SPECIFICATION Positioning apparatus The present invention relates to positioning apparatus and concerns more particularly, although not exclusively, positioning apparatus for aligning semiconductor wafers for exposure in a projection imaging system.

In the manufacture of integrated circuit, it is typically necessary to produce a succession of patterns on a semiconductor wafer using photolithographic processes. These patterns must be produced in precise registration with one another. As the integrated circuit art has moved to higher density circuitry requiring finer and finer resolution, the requirements for registration have tightened correspondingly.

It has previously been proposed to facilitate registration or alignment of the successive photolithographic patterns by creating, on the surface of the semiconductor wafer, an alignment mark or indicia which is in the form of a fresnel zone target. Such a target can effectively function as a form of diffraction lens and can create images of useful brightness. One such alignment system is for example described in U.S. Patent No. 4,037,969. In the alignment system described in that patent, the fresnel zone target is illuminated with coherent light and the resultant point image formed above the wafer surface is imaged on a photodetector. The signals generated by the photodetector in turn control the relative positioning of a semiconductor and a pattern or reticle which is to be projected onto the wafer.

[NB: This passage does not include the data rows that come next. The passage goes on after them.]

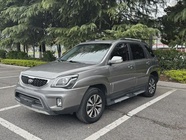 Kia Sportage 2013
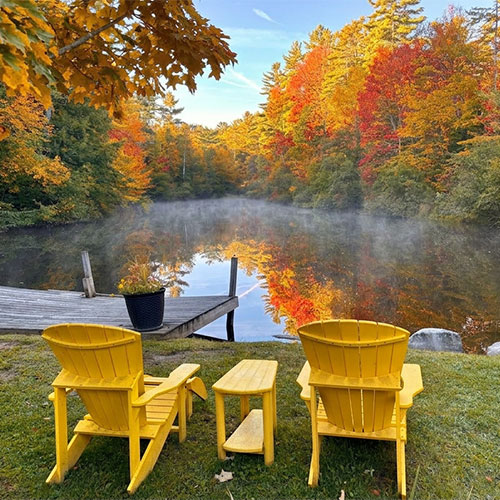 Autumn Harvest Deluxe — 500x500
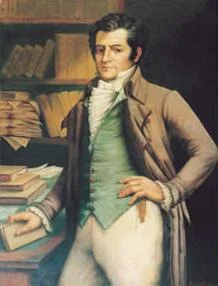 Diego Bautista Urbaneja — Imagen principal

While this system is capable of great precision under certain circumstances, it has now been discovered that the system is highly susceptible to any tilt in the wafer surface and that there apparently exist a number of sources of localized tilting in the water surface. The problem arises since a tilt of the fresnel zone target will displace the point image in a manner which is indistinguishable from displacement caused by lateral translation of the wafer.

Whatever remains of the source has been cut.